Tuesday, February 26, 2008

Joyous Frustrated moment.

They had tired once in Cincinnati to take him off of the vent. He was on C-pap which is basically oxygen with some pressure. But, he didn’t tolerate it well. So, they put him back on the vent.

Well, he came back to Dayton and it was just mostly watching him grow. I spent Thanksgiving with him and we had a blast. I found out after thanksgiving that they were going to make plans to reconnect his bowel. He had a double barrel so, it was just a matter of reconnecting it. And from the surgeons mouth not mine just stitch and let go. They would run water through it and making sure nothing leaked. Then we would wait for bowel sounds and his first bowel movement. That is when we would really know if everything was fixed or not.

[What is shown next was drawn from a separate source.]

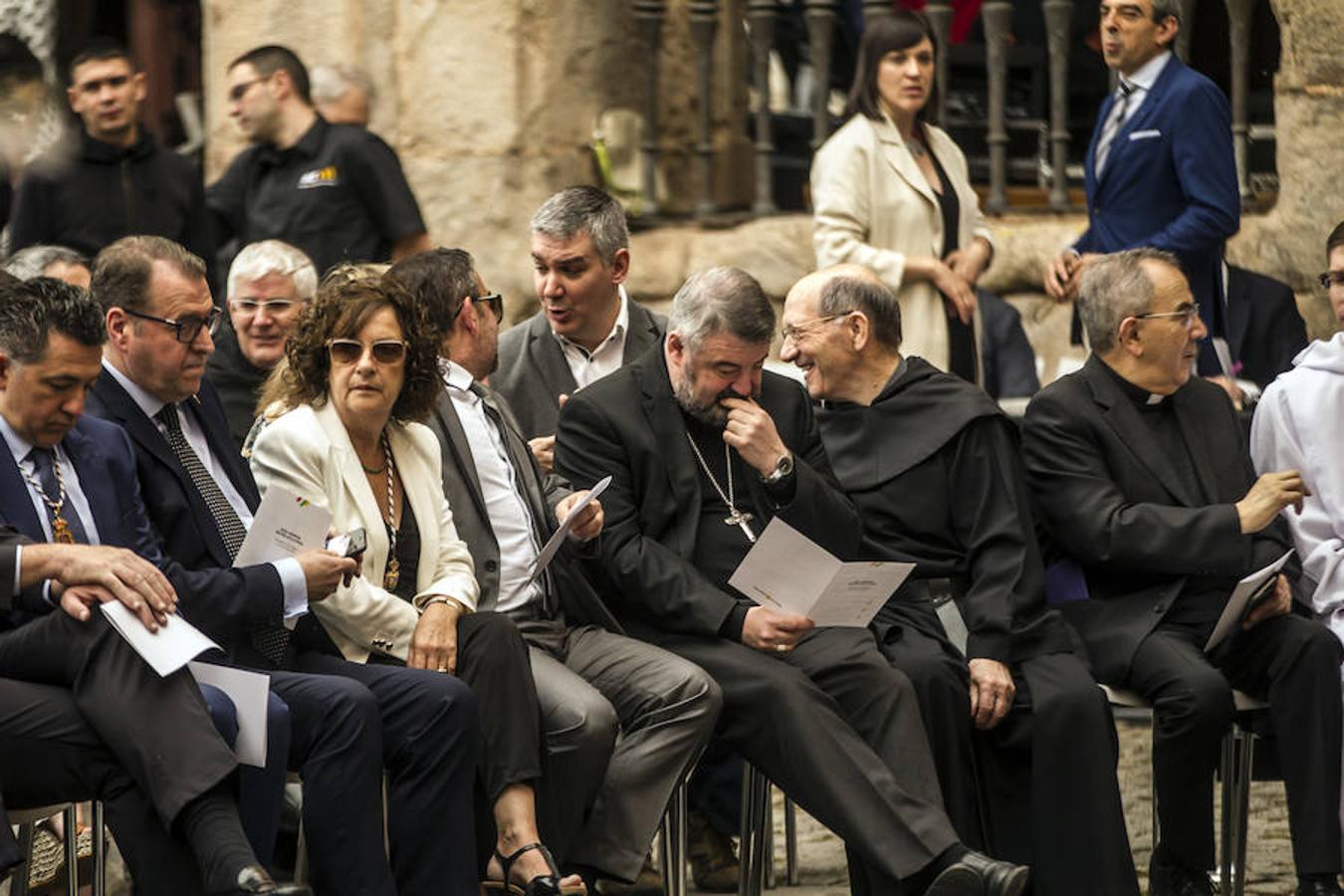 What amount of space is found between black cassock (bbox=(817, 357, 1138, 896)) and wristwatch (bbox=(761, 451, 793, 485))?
0.43m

But, before that happened miracle of all miracles happened. At 7:15, November 27, 2006, JT pulled his vent out. He was breathing on his own. No nose cannulas. No oxygen. Just breathing like you and me. He decided that he wanted it no more. He was on the vent for 13 weeks, to the day except for the few hours on C-pap in Cincinnati. And it was another special day. It didn’t dawn on me until later that day that it was his original due date. I rushed up there to see him and seen my baby’s face. It was awesome. I was so afraid he wasn’t breathing right. I kept asking Patty the nurse if she was sure that he was ok. I mean I was totally exstatic that he was off but, when you get used to one thing and then something else happens. (which happens a lot in the NICU). It just scares you. I was holding him and he had a Brady which is where his heart rate goes down. Come to find out I had his head tucked to far in and had to relax and let his head fall back. That was scary. I remember I had Mikayla up there with me and we had the greatest time. We gave JT all kinds of kisses. She could touch him actually touch him with out me feeling like she would rip his vent out. She was just two at the time. Now, I was still worried about the IV’s because he had a lot of them. But, we had fun with the kisses and we read him a whole bunch of books and he just interacted with us and it was just awesome is the only word to describe it. I never thought I would see the day that think would come out and he would be breathing on his own.

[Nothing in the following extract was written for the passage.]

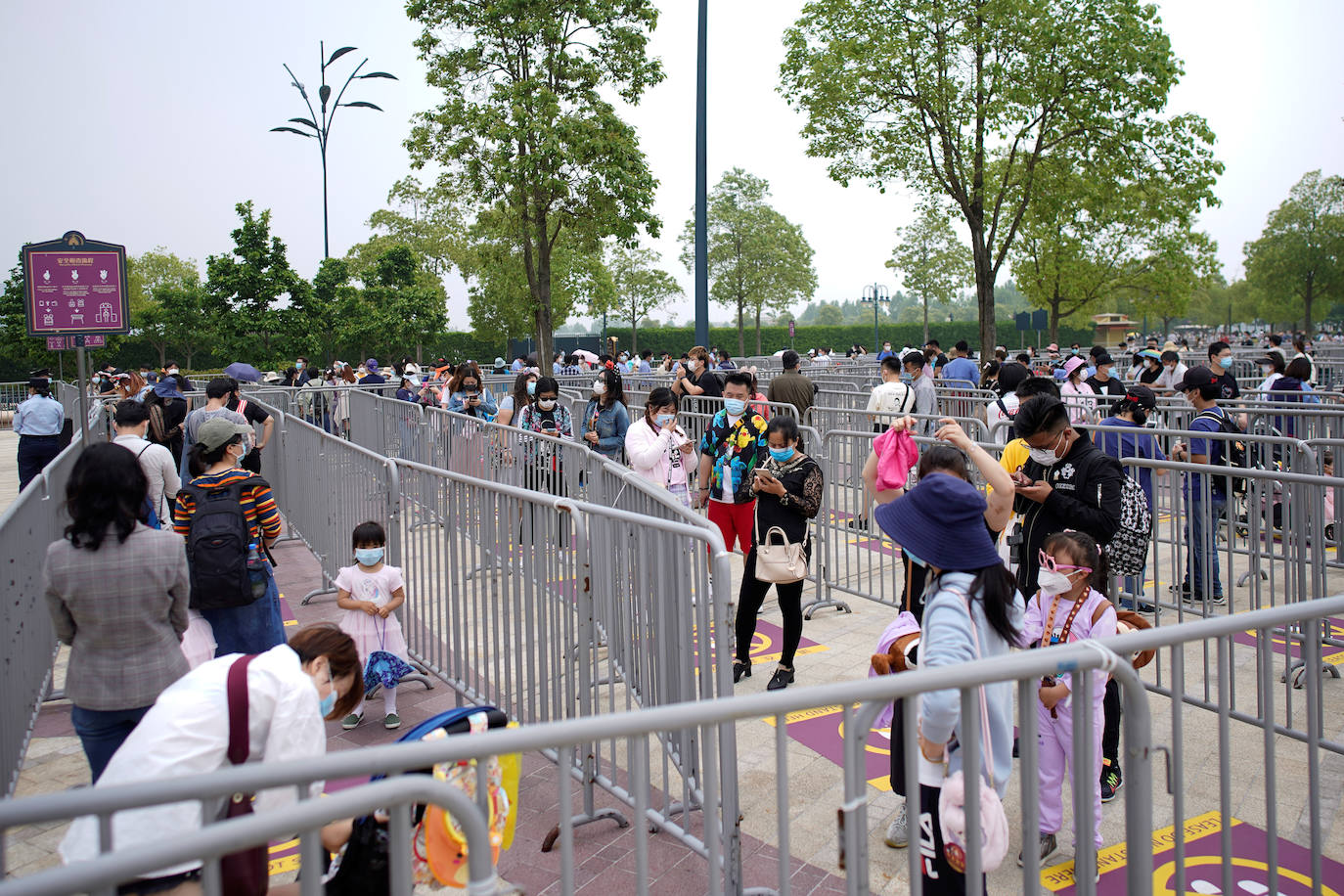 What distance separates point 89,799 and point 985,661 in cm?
194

I found out also that he would be having eye surgery the next day. He had ROP which is Retinopathy of Prematurity. This is where the retinas are separating from the back of the eye. It is seen mostly in preemies that have been on oxygen long term. He would have to be vented again. He would also have a paralytic again they didn’t want him to be able to move his eyes. This surgery was a laser surgery but, surgery none the less. He wouldn’t be off the vent but basically 24 hours when he would have to go back on again. I was scared that he would go on it and not come back off. We had freedom from one thing and I didn’t want to loose it. There were a lot of tears that day. Happy rejoicing tears, frustrated tears and scared tears. I went home and just prayed. Prayed that everything would turn out alright, and that he would come off the vent in no time.